03 Lide and Death – The First Principality Confirmed

03 Lide and Death – The First Principality Confirmed

Yesterday I posted about authoritarianism. This is something I have known for quite a while to be an issue. Yet I still wondered yesterday after writing these things whether I am in fact hearing Him correctly, as I realize I am rocking the boat with what He is telling me. But last night something cool occurred.

Lide

While I was talking to God, He gave me the word Lide. I thought I was seeing it wrong, I thought perhaps it was supposed to be Life (perhaps God misspoke, or I mis saw – it was a vision of a word), but I decided to Google that word Lide. I have never heard the word Lide before. There are not many pages with the word “Lide” on it. But I found one – Urban Dictionary. Something about this website caught my eye, so I clicked on it.

I am going to include three photos here. The first is what I saw for Lide. The second is what was right underneath it – the Word of the Day for June 07. The third is me asking someone else to check the website at their house (on a different internet). I know that websites can track my online activity and try to make the ads relevant, so I wanted to make sure that was not occurring. I asked a relative of mine to check it, and she confirmed that it was in fact the same thing she saw.

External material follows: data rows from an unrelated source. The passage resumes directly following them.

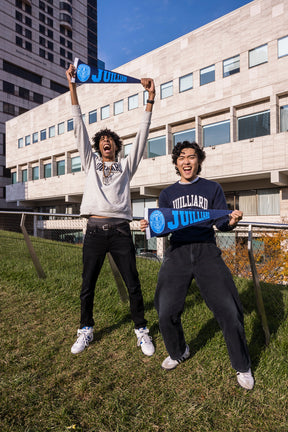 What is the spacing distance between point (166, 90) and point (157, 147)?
171 inches

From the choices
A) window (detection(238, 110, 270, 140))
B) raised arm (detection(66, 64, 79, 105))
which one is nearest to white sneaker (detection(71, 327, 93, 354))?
raised arm (detection(66, 64, 79, 105))

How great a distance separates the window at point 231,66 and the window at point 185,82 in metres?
2.54

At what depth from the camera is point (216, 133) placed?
64.0 ft

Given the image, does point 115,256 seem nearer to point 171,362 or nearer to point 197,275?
point 197,275

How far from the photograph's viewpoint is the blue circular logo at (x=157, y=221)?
2.34 metres

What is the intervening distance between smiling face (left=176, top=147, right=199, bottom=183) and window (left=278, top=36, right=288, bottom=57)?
58.9ft

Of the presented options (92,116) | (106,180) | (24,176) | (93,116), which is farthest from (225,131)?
(24,176)

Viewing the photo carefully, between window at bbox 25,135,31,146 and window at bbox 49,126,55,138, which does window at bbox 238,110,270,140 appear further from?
window at bbox 25,135,31,146

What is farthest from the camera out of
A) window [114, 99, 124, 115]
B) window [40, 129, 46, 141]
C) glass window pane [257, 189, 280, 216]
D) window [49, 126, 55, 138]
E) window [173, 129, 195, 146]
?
window [40, 129, 46, 141]

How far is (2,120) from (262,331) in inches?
1904

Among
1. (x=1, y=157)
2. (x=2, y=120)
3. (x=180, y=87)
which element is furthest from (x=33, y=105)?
(x=180, y=87)

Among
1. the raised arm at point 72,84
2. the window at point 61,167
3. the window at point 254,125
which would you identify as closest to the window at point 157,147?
the window at point 254,125

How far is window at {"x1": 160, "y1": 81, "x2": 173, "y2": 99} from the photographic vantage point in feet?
70.7

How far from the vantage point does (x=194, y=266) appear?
2346 millimetres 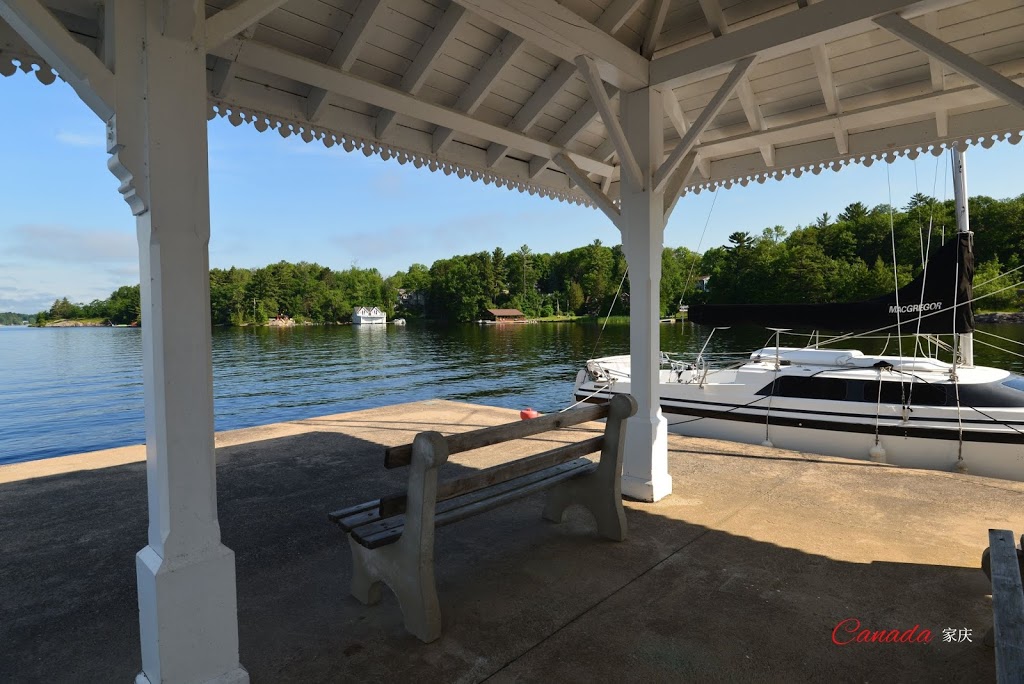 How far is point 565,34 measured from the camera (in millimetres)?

Lide. I found that definition interesting since we indeed have a large problem that is not solvable without a sacrifice.

Death

Last night, Christ asked me something He has never asked me before. He asked me if I would die for Him. He asked me how committed I truly was to Him. He asked me if I would be willing to give up my spirit and my life, and let Him take over my body and operate through me. Could I give up my spirit, as He did on the cross, so that it is no longer I that live, but Christ who lives through me? Like could I do it right there, on the spot? Not in some future when I am old sense, but here and now, could I sacrifice everything for Him?

He asked me, if He was in need of a heart, would I be willing to let them take my heart and give it to Him as a heart transplant, so that He may live, even at the cost of my own life? I realized that I have never truly sat down and pondered whether I was willing to give up my life for Christ.

One verse that has always been deep within my heart is “Love has none greater than this – that a man lay down his life for his friends.” There are two ways to interpret this verse. One way would be to take a bullet for your friend, and you die so that your friend my live. But the harder way to interpret this verse is the one I have always strived for. To become a living sacrifice. To be willing to give up my years of life and my personal desires to serve Christ, that my friends may be benefited.

I then envisioned the second movie Pirates of the Caribbean. At the end of the movie, there is this voodoo lady where the pirates are with her and they are trying to figure out if there is a way to go to the realm of the dead and retrieve Captain Jack Sparrow (Johnny Depp). And she says to them something to the effect of “would you go to the ends of the earth to get him back? How far would you go?”

How far would you go for Christ? What level of commitment do you have to following Christ? If not, you must ask yourself whether following Him is a way of life for you, or just something that is cool to do to a certain level.